Je ne doute pas un instant que vous manquiez votre coup. Je suis quand même très curieux de savoir comment vous allez punir les sites contrevenants… Allez-vous bloquer leur accès? Aujourd’hui, faire interdire l’accès à un site est long et lourd tandis qu’ouvrir un nouveau site internet se fait en une journée à peine. Jusqu’à votre loi, pour interdire un site de Forex, l’Autorité des marchés financiers devait saisir le procureur de Paris qui mettait ensuite le site incriminé en demeure de cesser ses agissements pour enfin saisir le juge d’une demande d’interdiction. Totalement inefficace. L’AMF obtenait ainsi le blocage de 4 à 5 sites par an. Pourquoi 4 ou 5 ? C’est un accord tacite entre l’AMF et le parquet de Paris. Cela correspond au temps et aux moyens que le ministère public peut se permettre de mettre sur ces affaires. Je ne doute pas que dans votre projet de loi, vous ayez inévitablement conçu un système qui vous permettre d’agir plus vite que ces escrocs pour bloquer leurs sites. C’est évident.
Vous avez nécessairement prévu un moyen de bloquer tous les sites qui se présentent innocemment comme des “sites d’information sur le Forex”, “forum sur le Forex ou “cours de Forex”. Vous connaissez bien le sujet et vous savez bien que ces sites n’ont absolument rien de neutre. Ils ne visent qu’à une chose : convaincre les internautes de devenir trader car c’est comme cela qu’ils se rémunèrent, parfois en partageant avec le site de Forex chaque euro perdu. Vous êtes immanquablement d’accord avec nous : c’est bien de la publicité déguisée. Dans la presse écrite on appelle cela des publireportages. Certains sites de Forex ont même réussi à infiltrer plusieurs titres de la presse française.
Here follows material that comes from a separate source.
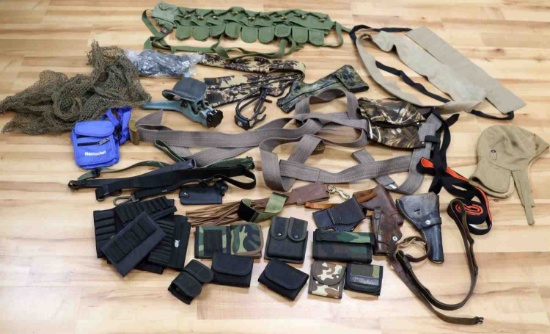 LARGE LOT OF HOLSTERS AMMO SLEEVES RIFLE REST LOT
N’oubliez donc pas non plus de mettre de l’ordre chez les vendeurs d’espace publicitaire en ligne. Ces entreprises comme Ligatus, Taboola ou Outbrain, qui colonisent les pages internet de la presse en proposant des articles sponsorisés. Vous savez ce que l’on trouve dans ces liens sponsorisés? Des publicités pour du Forex, des options binaires ou des escroqueries patentées. Comme nous, vous l’avez certainement découvert dans ce reportage récent.
Bien sûr, vous qui avez entrepris d’interdire la publicité pour les sites de Produits dérivés, vous savez tout cela et la loi que vous préparez est conçue pour s’attaquer à toute la complexité du phénomène. Je n’imagine pas votre projet n’avoir pas toutes ces ambitions.